Send back all the data below, exactly as given.

* _Short descriptive text snippets_
>>

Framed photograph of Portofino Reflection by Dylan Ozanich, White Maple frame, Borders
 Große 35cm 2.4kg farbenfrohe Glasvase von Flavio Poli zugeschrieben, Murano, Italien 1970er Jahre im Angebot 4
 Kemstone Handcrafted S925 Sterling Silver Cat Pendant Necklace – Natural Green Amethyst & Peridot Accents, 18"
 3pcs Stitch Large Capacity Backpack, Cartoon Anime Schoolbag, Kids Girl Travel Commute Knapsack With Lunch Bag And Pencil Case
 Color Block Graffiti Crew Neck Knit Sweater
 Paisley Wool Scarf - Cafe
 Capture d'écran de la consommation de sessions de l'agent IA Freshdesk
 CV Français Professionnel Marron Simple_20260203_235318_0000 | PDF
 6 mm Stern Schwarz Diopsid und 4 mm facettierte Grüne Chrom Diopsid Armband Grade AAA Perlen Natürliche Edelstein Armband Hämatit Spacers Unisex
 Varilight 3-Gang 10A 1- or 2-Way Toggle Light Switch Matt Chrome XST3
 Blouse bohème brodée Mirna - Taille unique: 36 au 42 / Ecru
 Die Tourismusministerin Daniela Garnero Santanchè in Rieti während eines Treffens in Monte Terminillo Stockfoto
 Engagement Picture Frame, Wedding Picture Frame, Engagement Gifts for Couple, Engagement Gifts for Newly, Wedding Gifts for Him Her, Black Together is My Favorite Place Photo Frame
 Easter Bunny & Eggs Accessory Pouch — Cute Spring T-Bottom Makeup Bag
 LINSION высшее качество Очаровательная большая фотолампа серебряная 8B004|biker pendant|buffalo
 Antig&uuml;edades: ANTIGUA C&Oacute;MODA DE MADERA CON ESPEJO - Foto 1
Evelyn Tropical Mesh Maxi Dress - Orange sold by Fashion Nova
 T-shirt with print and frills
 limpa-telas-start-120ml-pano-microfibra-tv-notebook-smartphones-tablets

<<

* _Response for this exercise_
Framed photograph of Portofino Reflection by Dylan Ozanich, White Maple frame, Borders
 Große 35cm 2.4kg farbenfrohe Glasvase von Flavio Poli zugeschrieben, Murano, Italien 1970er Jahre im Angebot 4
 Kemstone Handcrafted S925 Sterling Silver Cat Pendant Necklace – Natural Green Amethyst & Peridot Accents, 18"
 3pcs Stitch Large Capacity Backpack, Cartoon Anime Schoolbag, Kids Girl Travel Commute Knapsack With Lunch Bag And Pencil Case
 Color Block Graffiti Crew Neck Knit Sweater
 Paisley Wool Scarf - Cafe
 Capture d'écran de la consommation de sessions de l'agent IA Freshdesk
 CV Français Professionnel Marron Simple_20260203_235318_0000 | PDF
 6 mm Stern Schwarz Diopsid und 4 mm facettierte Grüne Chrom Diopsid Armband Grade AAA Perlen Natürliche Edelstein Armband Hämatit Spacers Unisex
 Varilight 3-Gang 10A 1- or 2-Way Toggle Light Switch Matt Chrome XST3
 Blouse bohème brodée Mirna - Taille unique: 36 au 42 / Ecru
 Die Tourismusministerin Daniela Garnero Santanchè in Rieti während eines Treffens in Monte Terminillo Stockfoto
 Engagement Picture Frame, Wedding Picture Frame, Engagement Gifts for Couple, Engagement Gifts for Newly, Wedding Gifts for Him Her, Black Together is My Favorite Place Photo Frame
 Easter Bunny & Eggs Accessory Pouch — Cute Spring T-Bottom Makeup Bag
 LINSION высшее качество Очаровательная большая фотолампа серебряная 8B004|biker pendant|buffalo
 Antig&uuml;edades: ANTIGUA C&Oacute;MODA DE MADERA CON ESPEJO - Foto 1
Evelyn Tropical Mesh Maxi Dress - Orange sold by Fashion Nova
 T-shirt with print and frills
 limpa-telas-start-120ml-pano-microfibra-tv-notebook-smartphones-tablets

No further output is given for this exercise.